Further meetings of the Assembly were then to take place at Parliament Buildings at Stormont over the summer, but the new legislature had been given the power to chose a new permanent home if members wished to relocate.
The Sinn Fein position on the location issue was articulated by Mr Kelly and party colleague Bairbre de Brun.
“Ms de Bruin raised the issue of consultation,” the note read.
“The party had been asked about locations and had given its view but had then heard nothing more until a letter from the Secretary of State (Mo Mowlam) arrived informing them of a location which was strongly opposed.
“Such actions presented the party with enormous yet unnecessary problems within the community, making it out to be unimportant in the scheme of things and adding to the general cumulative effect of exclusion.
“Ms de Bruin added, rather pointedly, that given a choice, the Government appeared to continually want to support either the unionist or status quo position on any Agreement issues. Decisions like locations had more than just a symbolic effect and the Government needed to realise this. A neutral venue for everyone for the inaugural meeting was the proper solution and venues for it are still available.
“Mr Murphy defended the Castle Buildings decision on purely practical grounds. There had been no other option for Government in the circumstances. Castle Buildings and later Parliament Buildings would be the venues for meetings until the Assembly itself chose a different location. Mr Kelly made the point that it was dangerous for Sinn Fein to get to the Stormont Estate. Every visit caused major security headaches for the party.”
The confidential memo reveals the extent of republican concerns that progress on several key parts of the 1998 peace agreement – such as demilitarisation and legislation to grant the early release of prisoners – had stalled.
“Again Mr Kelly pressed strongly on the timing of release and to a lesser extent the numbers involved in the initial tranche,” it stated.
The note said that Mr Kelly outlined Sinn Fein concerns over a “range of issues affecting the credibility and momentum of the process flowing from the Agreement”.
He said issues with parades and sentencing had “sent shockwaves through republican and nationalist communities”.
“Mr Kelly said those communities saw Government bending over backwards to unionism, which itself was dragging the process out and all this was presenting a massive worry for nationalists and republicans that everything in the Agreement, other than what Unionists wanted to move on, would stop (for example, demilitarisation),” it read.

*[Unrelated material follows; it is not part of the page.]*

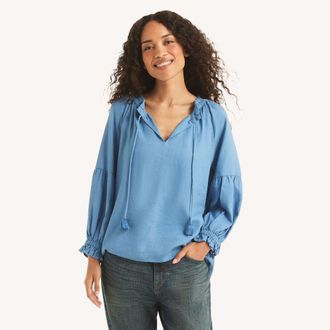 Nautica Womens Linen Poet Shirt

The note, dated June 24, 1998, said “without doubt the most difficult aspect of the meeting” was Sinn Fein’s concern that a full shadow Executive would not be appointed at the inaugural meeting, instead of just designate first and deputy first ministers.

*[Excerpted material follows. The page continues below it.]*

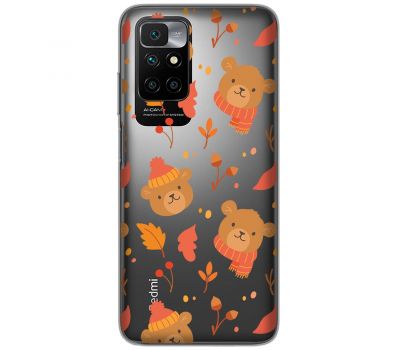 Чохол для Xiaomi Redmi 10 MixCase осінь ведмедик листочки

The reference to the landmark statue of unionist icon Sir Edward Carson came in a section of the memo titled “symbols and emblems”.
“Mr Kelly asked what symbols and emblems would be displayed (or removed – Carson’s statue was briefly mentioned in a slightly humorous way) in the Assembly and what might constitute an opening ceremony,” the note recorded.
“Mr Murphy responded by saying that the Government was not proposing to display any symbols or emblems. Furthermore Assembly members’ stationary would only carry their name – nothing else. There were no plans for an opening ceremony – other than signing the roll and the individual designation of members.”